I soldi che gli imputati avrebbero percepito indebitamente dall’Inps e dall’Arcea li ha definiti come un «Reddito di cittadinanza ante litteram e di sopravvivenza»; mentre il presunto sistema fraudolento messo in piedi per fruire delle erogazioni pubbliche «una centrale dei falsari perfetta».

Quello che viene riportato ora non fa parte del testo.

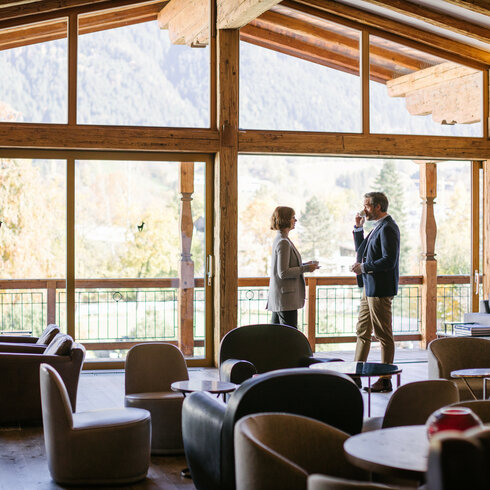 Ein weißer Flurbereich mit einer offenen Garderobe, Kissen und einem kleinen schwarzen Schild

Ieri ha usato anche queste analogie il procuratore di Crotone, Giuseppe Capoccia, nel corso della sua requisitoria al processo di primo grado a carico di 42 persone, scaturito dall’inchiesta “Vaso di Pandora” su diverse presunte truffe seriali ai danni di Inps e Arcea (l’azienda regionale che si occupa di erogazioni agricole), che venne alla luce il 28 novembre 2018 con l’esecuzione di 11 misure cautelari da parte della Guardia di Finanza di Crotone.

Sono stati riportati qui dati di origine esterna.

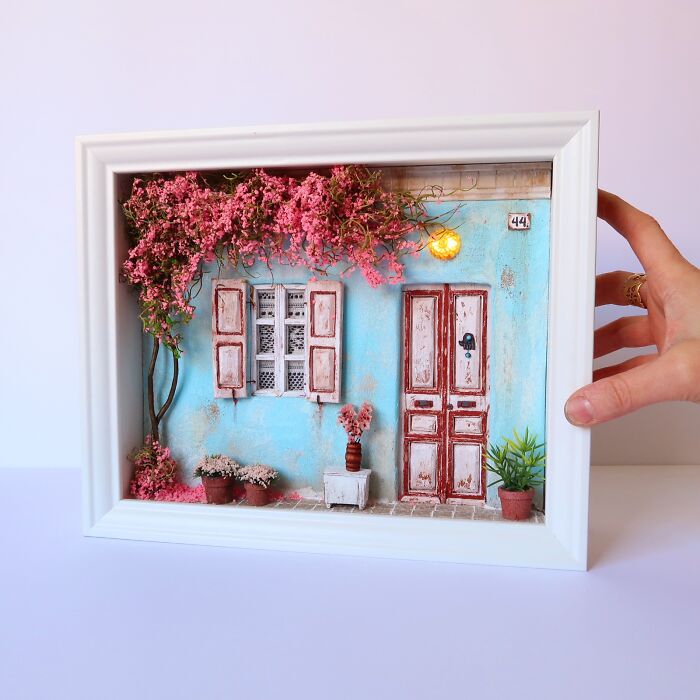 Miniature art by Tamar Cohen showcasing a tiny, detailed facade with pink flowers, held in a white frame.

Al termine di oltre un’ora di discussione, il pubblico ministero ha chiesto al Tribunale di Crotone presieduto da Elvezia Cordasco (a latere i giudici Assunto Palumbo e Giuseppe Collazzo) la condanna di otto imputati - tra i quali figura anche l’ipotizzato promotore dell’organizzazione truffaldina, il commercialista Emanuele Chiriaco al quale vengono contestate 42 truffe aggravate – poi 32 assoluzioni e due proscioglimenti per intervenuta morte del reo.